Have equity in your home? Want a lower payment? An appraisal from Higdon & Associates can help you get rid of your PMI.
A 20% down payment is typically accepted when purchasing a home. Because the risk for the lender is often only the difference between the home value and the sum remaining on the loan, the 20% provides a nice cushion against the costs of foreclosure, reselling the home, and natural value variationson the chance that a borrower defaults.
During the recent mortgage boom of the last decade, it was common to see lenders taking down payments of 10, 5 or even 0 percent. A lender is able to manage the additional risk of the small down payment with Private Mortgage Insurance or PMI. This supplemental plan takes care of the lender in case a borrower is unable to pay on the loan and the value of the property is lower than what the borrower still owes on the loan.

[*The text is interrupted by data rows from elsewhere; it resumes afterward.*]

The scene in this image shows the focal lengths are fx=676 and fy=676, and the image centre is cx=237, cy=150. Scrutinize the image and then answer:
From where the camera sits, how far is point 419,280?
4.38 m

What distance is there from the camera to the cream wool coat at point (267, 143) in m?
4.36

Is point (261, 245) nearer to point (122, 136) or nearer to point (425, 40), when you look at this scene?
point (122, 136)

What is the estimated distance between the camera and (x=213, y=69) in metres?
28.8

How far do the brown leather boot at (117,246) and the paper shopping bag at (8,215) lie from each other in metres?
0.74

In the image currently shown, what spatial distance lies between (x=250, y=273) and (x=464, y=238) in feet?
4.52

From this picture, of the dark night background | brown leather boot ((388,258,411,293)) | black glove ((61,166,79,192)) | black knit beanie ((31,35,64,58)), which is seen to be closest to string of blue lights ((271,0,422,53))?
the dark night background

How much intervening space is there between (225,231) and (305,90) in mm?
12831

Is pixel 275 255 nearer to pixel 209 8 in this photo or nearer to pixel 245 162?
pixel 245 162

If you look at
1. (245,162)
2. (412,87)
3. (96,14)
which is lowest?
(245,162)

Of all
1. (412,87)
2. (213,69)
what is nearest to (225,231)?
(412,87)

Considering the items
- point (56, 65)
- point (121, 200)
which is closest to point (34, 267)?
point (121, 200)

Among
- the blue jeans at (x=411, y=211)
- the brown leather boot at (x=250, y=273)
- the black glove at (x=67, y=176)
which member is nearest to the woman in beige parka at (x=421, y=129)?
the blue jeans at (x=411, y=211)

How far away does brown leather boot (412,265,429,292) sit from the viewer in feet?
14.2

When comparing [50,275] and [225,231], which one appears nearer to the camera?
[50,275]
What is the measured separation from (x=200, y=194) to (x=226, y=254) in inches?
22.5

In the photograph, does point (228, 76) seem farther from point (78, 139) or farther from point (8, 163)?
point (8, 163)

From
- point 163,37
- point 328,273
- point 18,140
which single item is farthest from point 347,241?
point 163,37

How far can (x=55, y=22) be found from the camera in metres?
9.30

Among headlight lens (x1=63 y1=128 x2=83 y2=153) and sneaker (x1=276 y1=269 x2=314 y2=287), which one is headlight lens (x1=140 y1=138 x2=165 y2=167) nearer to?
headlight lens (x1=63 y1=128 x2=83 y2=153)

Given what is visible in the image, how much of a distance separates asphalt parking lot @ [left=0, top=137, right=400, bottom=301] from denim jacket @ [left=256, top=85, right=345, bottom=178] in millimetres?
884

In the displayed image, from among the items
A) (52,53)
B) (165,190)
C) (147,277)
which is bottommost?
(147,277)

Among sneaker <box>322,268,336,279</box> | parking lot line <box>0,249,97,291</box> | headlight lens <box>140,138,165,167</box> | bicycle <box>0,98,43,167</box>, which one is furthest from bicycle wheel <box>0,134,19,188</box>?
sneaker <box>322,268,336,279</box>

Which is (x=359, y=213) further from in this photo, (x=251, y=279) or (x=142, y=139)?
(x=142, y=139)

Since the $40-$50 a month per $100,000 borrowed is bundled into the mortgage payment and often isn't even tax deductible, PMI is pricey to a borrower. It's profitable for the lender because they obtain the money, and they get the money if the borrower defaults, contradictory to a piggyback loan where the lender takes in all the deficits.
Does your monthly mortgage payment include PMI? Contact us, you may be able to save money by removing your PMI.
How can home buyers keep from paying PMI?
With the implementation of The Homeowners Protection Act of 1998, on most loans lenders are required to automatically stop the PMI when the principal balance of the loan reaches 78 percent of the initial loan amount. Wise homeowners can get off the hook a little early. The law designates that, upon request of the homeowner, the PMI must be dropped when the principal amount equals just 80 percent.
Since it can take countless years to arrive at the point where the principal is only 20% of the original amount of the loan, it's important to know how your home has increased in value. After all, all of the appreciation you've achieved over the years counts towards dismissing PMI. So what's the reason for paying it after your loan balance has dropped below the 80% mark? Your neighborhood may not be adhering to the national trends and/or your home might have acquired equity before things simmered down, so even when nationwide trends forecast declining home values, you should realize that real estate is local.
The difficult thing for most home owners to understand is just when their home's equity rises above the 20% point. An accredited, licensed real estate appraiser can definitely help. It's an appraiser's job to keep up with the market dynamics of their area. At Higdon & Associates, we're experts at identifying value trends in Antioch, Contra Costa County and surrounding areas, and we know when property values have risen or declined. Faced with information from an appraiser, the mortgage company will generally eliminate the PMI with little trouble. At that time, the home owner can relish the savings from that point on.